### DATA EXTRACT ###

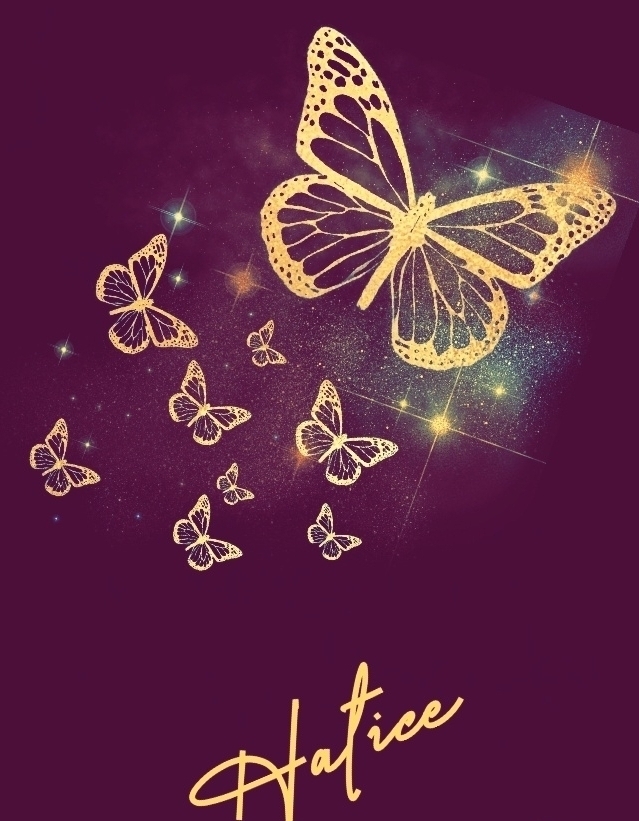 Hatice
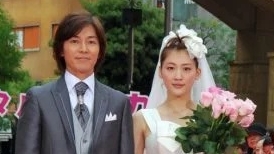 【衝撃】 藤木 直人 嫁 写真 話題のSns投稿まとめ 2026 #997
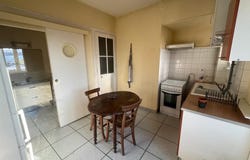 Villeurbanne, Auvergne-Rhône-Alpes 69100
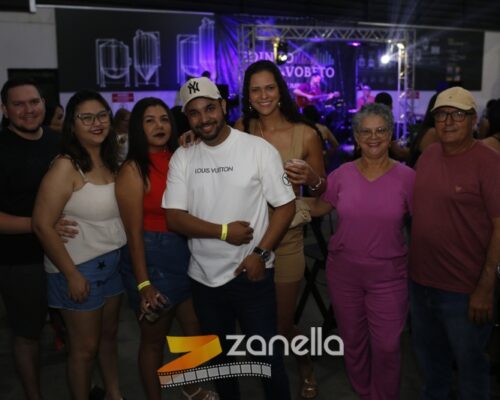 Zanella-Tardezinha-Boutique´in-16-08-2025 (46)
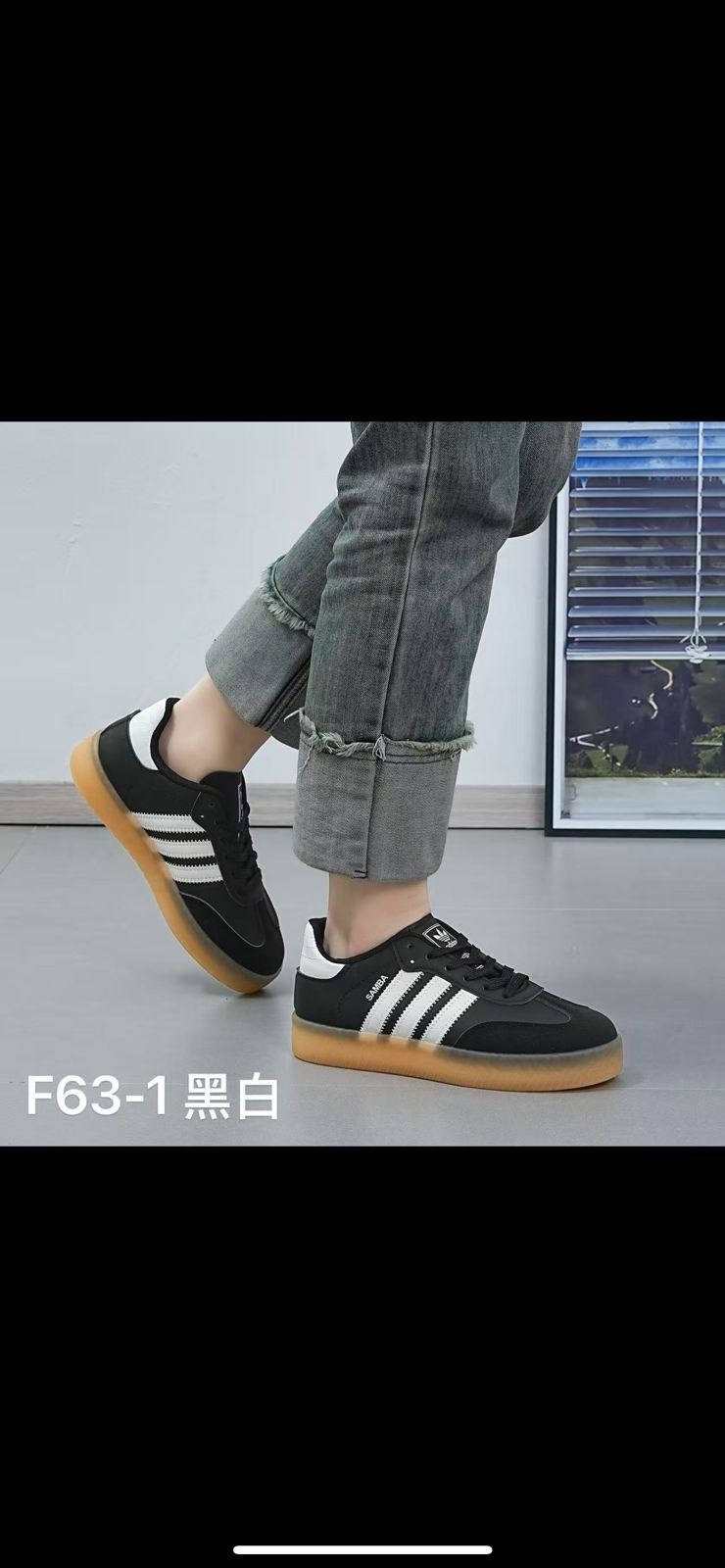 ,женские кроссовки,спортивный ,кроссовки модные,обуви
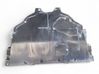 Placa protectora/protector antisalpicaduras motor KD5356110B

###

WHAT IS NEEDED — Exactly those lines that run from the line holding "Villeurbanne, Auvergne-Rhône-Alpes 69100" to the end of the listing above, both included, are to be reproduced, with pictures left out.

WRITTEN ANSWER —
 Villeurbanne, Auvergne-Rhône-Alpes 69100
 Zanella-Tardezinha-Boutique´in-16-08-2025 (46)
 ,женские кроссовки,спортивный ,кроссовки модные,обуви
 Placa protectora/protector antisalpicaduras motor KD5356110B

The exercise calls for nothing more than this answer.